If you are using the towel method, simply rub down the fur until the outer layer is thoroughly dry and the inner is also dry to run your fingers through. If the dog is indoors and it is warm, then leaving them slightly damp to dry off near a fire is fine. But ensure you check the inner legs, stomach, the hind rear end, tail and stomach for damp areas and ensure they get dry to avoid any issues. A pair of drying mitts such as the DryGloves by SICCARO, can also help with getting to those more delicate areas than a clumsy towel.  It is essential that dogs get dry in areas where they are prone to licking themselves.

 

Further Dog Grooming

It is also good to give a final brushing if your dog is used to being brushed. If not, then a check for any last knots is helpful, because any matting of the fur can lead to further chewing and irritations and it can also harbour trapped moisture, which can lead to hot spots and fungal growth. Most shorter-coated dogs won’t require this step.

Some dog owners like to blow dry their dogs coat and brush out the fur to straighten it, which is perfectly fine providing that they don’t have the blow dryer on too high or leave the heat blasting on the same spot on the dogs coat which can burn the dogs skin or cause them to overheat.

Most vets advise against blow-drying at home because it is quite risky if you don’t know how to manage the dryer so that it doesn’t burn the dog’s skin.

We advise not to try using a hair dryer on your dog if you aren’t certain about what you are doing, or if the dog is skittish or frightened by the sound and heat. Also, be wary of making the dog too hot in general.
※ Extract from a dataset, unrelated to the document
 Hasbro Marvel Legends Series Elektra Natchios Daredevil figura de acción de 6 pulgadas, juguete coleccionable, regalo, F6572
Some double coated dogs who have particularly long hair will need the assistance of a blow dryer to get their thick undercoats thoroughly dry, but using a product like a SICCARO dog drying robe will definitely remove the majority of moisture meaning that this step may not be required. Of course all dogs are different, with different fur qualities so individual discretion is important.

 

Of course if you’re in doubt about any of the above, it is recommended to go to a vet or dog grooming salon in order to get the best methods and recommendations for your dogs unique fur. 

 

Importance of Drying

It is essential to get dogs thoroughly dry as quickly as possible, this is especially true for double or thick coated and long haired breeds such as Old English Sheep dogs. There are a number of reasons why, apart from comfort to the dog, but the primary reasons are that damp, warm fur becomes a perfect breeding ground for fungal infections.
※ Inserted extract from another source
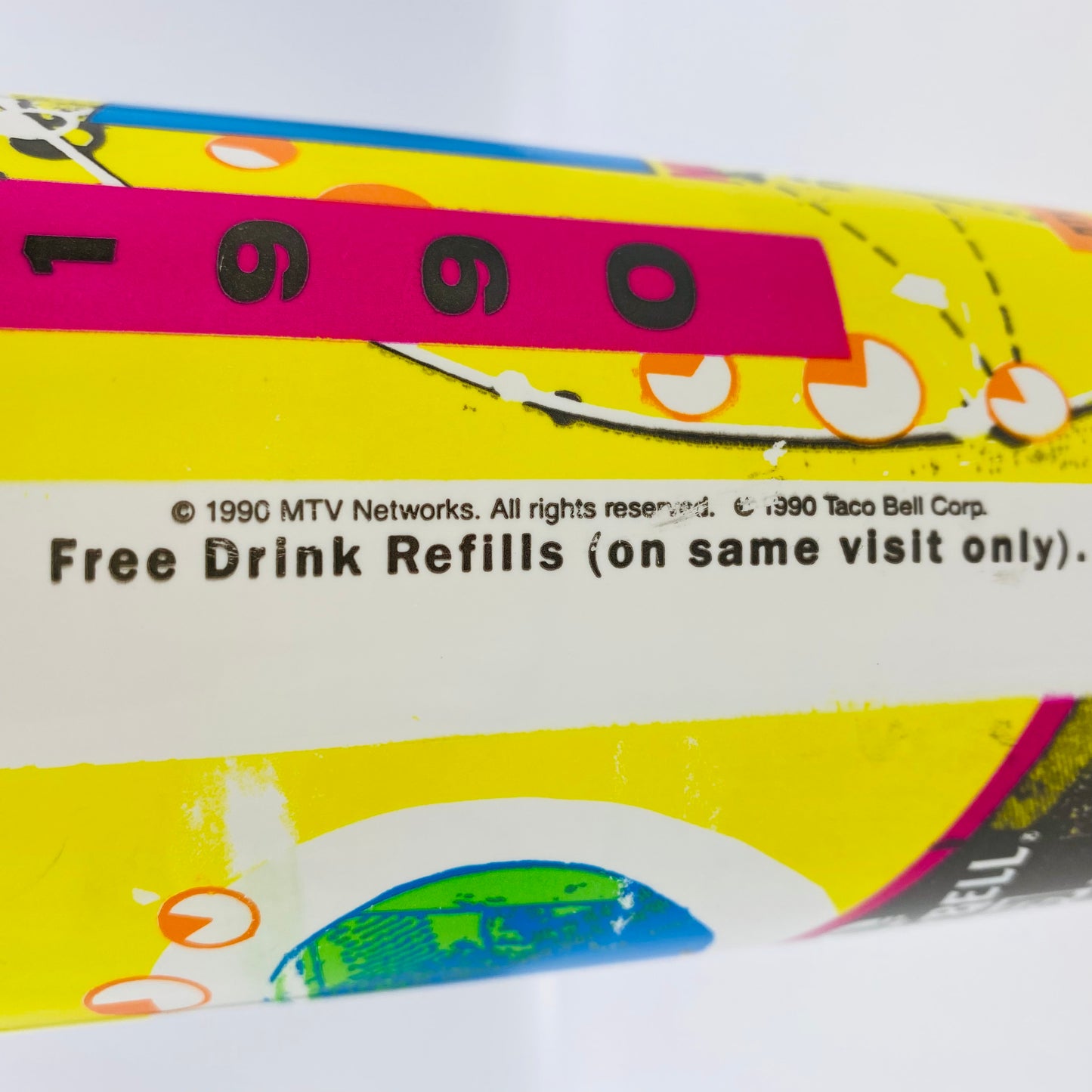 MTV VMA’s Video Music Awards yellow 32oz plastic cup (1990)Taco Bell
Wet and damp patches of skin tend to easily become areas called hot spots, which is otherwise known as acute moist dermatitis or what might look like red, irritated and moist lesions. Dogs will often start licking at these, which will quickly worsen the issue.

For this same reason many vets, groomers and dog trainers have been recommending, of late is an ultra absorbing dog drying robe called the Supreme Pro by SICCARO. Unlike towels and towelling dog robes, it is made of an absorbent viscose that can absorb 11 times its weight in water so it can get even the most thick coated dogs 80-90% dry within 15 minutes depending on how long and thick the dogs coat is. 

Pete the Vet who is a regular contributor to the pet section of The Weekend UK Telegraph has used and continues the SICCARO drying range on his own dogs as well as dogs in his practice commenting, “This is a super-efficient dog drying coat that removes 80 per cent of moisture from a dog’s soaking wet coat within 15 minutes… It is an innovative, useful way of managing your dogs’ wetness, they’re well worth the investment.”

 

Final words

If your dog is showing any signs of irritation after a bath, it is important to call and speak to a vet, especially in the case of red spots, wounds or bumps on the skin that could turn into hot spots or other allergies. Any anomalies should be treated as soon as possible to ensure that the issue does not become agitated or wounds don’t become enlarged.

Also note that various shampoos or other elements can cause allergic reactions on dogs skin. If you see anything out of the ordinary it is always crucial that you seek the advice of a professional veterinarian. Also if your dog has ingested any shampoo or conditioner then it is also important to seek immediate advice.